Please note: Word2Vec needs large, varied text examples to create its "dense" embedding vectors per word. It is the competition between many contrasting examples during training which allows the word-vectors to move to positions that have interesting distances and spatial-relationships with each other. If your corpus only contains 50 words then Word2vec is unlikely an appropriate technology to find synonymous for words.

The code below is only for educational purposes, because the corpus being used is too small.

import gensim
from gensim.models import Word2Vec

# Since the data is contained within a list it must be wrapped into another list, so that it can be interpreted correctly.
data = ['mom', 'always', 'likes', 'receive', 'mums', 'mother', 'day']
    
# size is the dimensionality of the vector, which in this case is small.
# corpuses consisting of tens-of-thousands of words might justify 100-dimensional word-vectors. 
# 
# window size of 2 creates vectors that scored best on the analogies-evaluation. 
model1 = gensim.models.Word2Vec([data], min_count=1, size=2, window=2)

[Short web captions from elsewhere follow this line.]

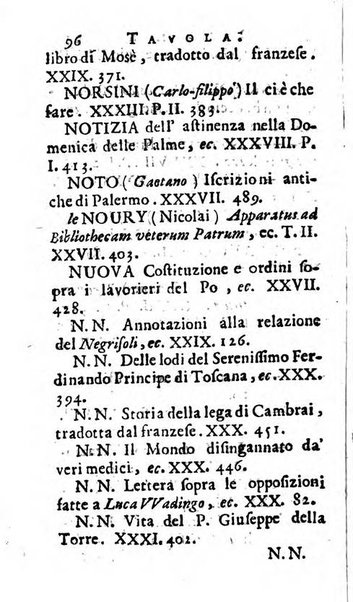 Giornale de' letterati d'Italia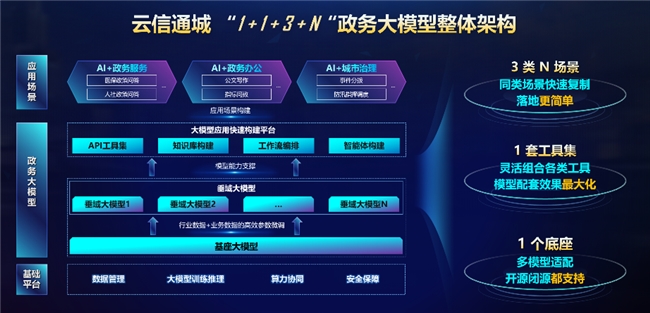 我们的2024：热AI让城市更美好！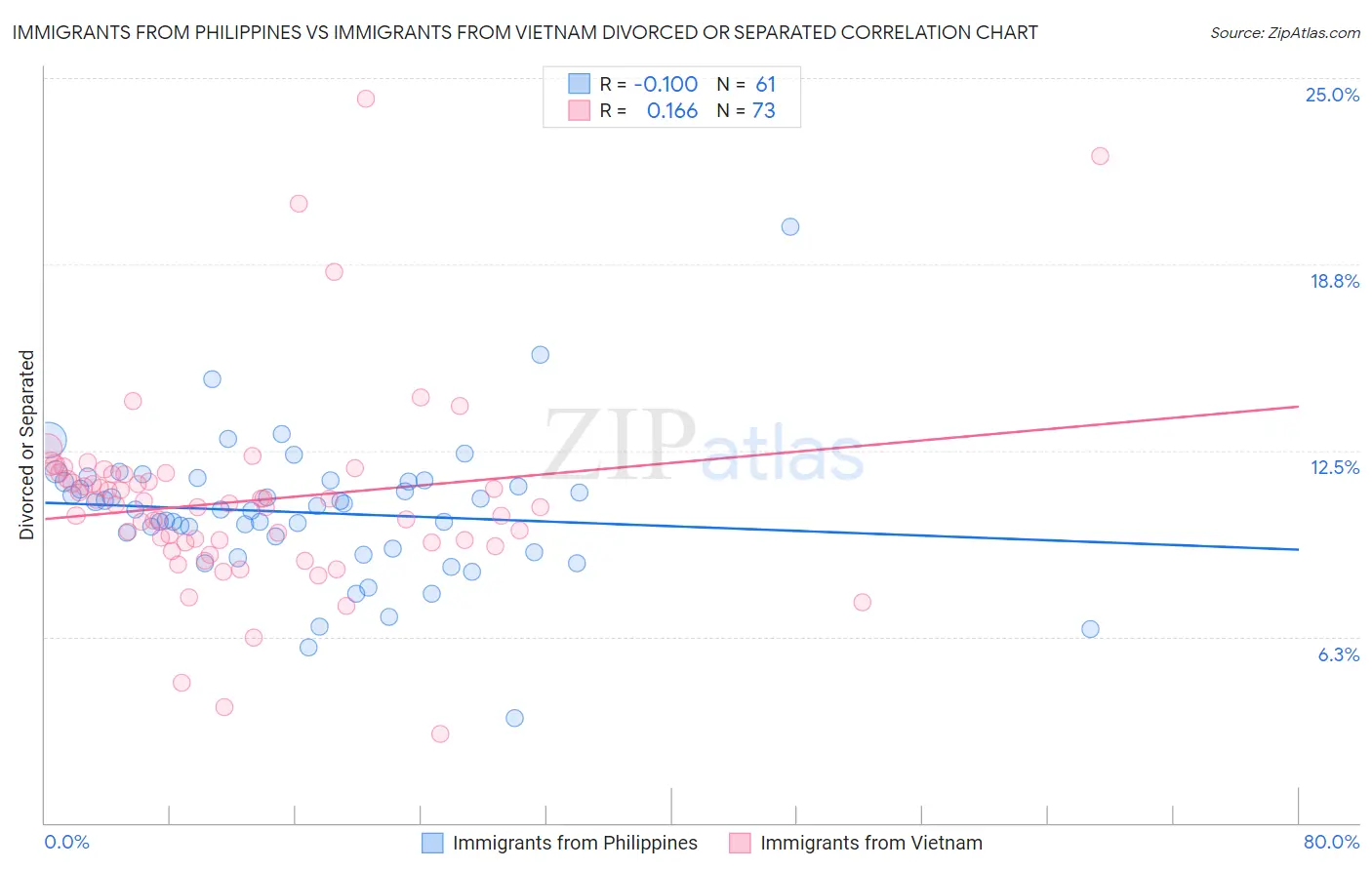 Immigrants from Philippines vs Immigrants from Vietnam Divorced or Separated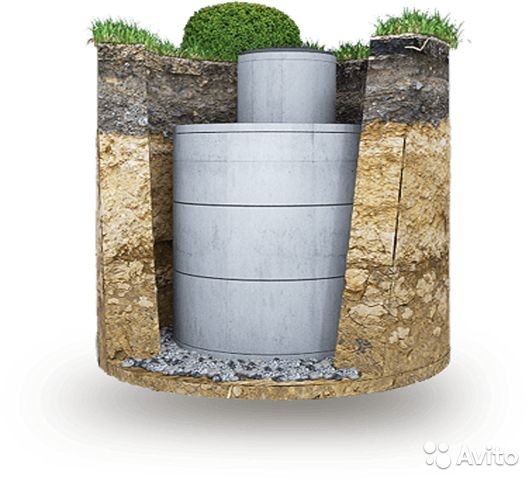 Как правильно построить выгребную яму из колец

print(f"The words 'mother' and 'mom' have a cosine similarity score of: {model1.wv.similarity('mother', 'mom')}")
print(f"The words 'mother' and 'mums' have a cosine similarity score of: {model1.wv.similarity('mother', 'mums')}")
print(f"The words 'mom' and 'mums' have a cosine similarity score of: {model1.wv.similarity('mom', 'mums')}")
 
The words 'mother' and 'mom' have a cosine similarity score of: 0.8387100696563721
The words 'mother' and 'mums' have a cosine similarity score of: -0.988419771194458
The words 'mom' and 'mums' have a cosine similarity score of: -0.9116343259811401

Cosine similarity can range from -1 to 1 based on the angle between the two vectors being compared. A value of 1 is a perfect relationship between word vectors (e.g., "mother" compared with "mother"), whereas a value of 0 represents no relationship between words, and a value of -1 represents a perfect opposite relationship between words. A negative similarity means the two words (e.g., "mom" compared with "mums" are related in component, but in an opposite (or negative) fashion.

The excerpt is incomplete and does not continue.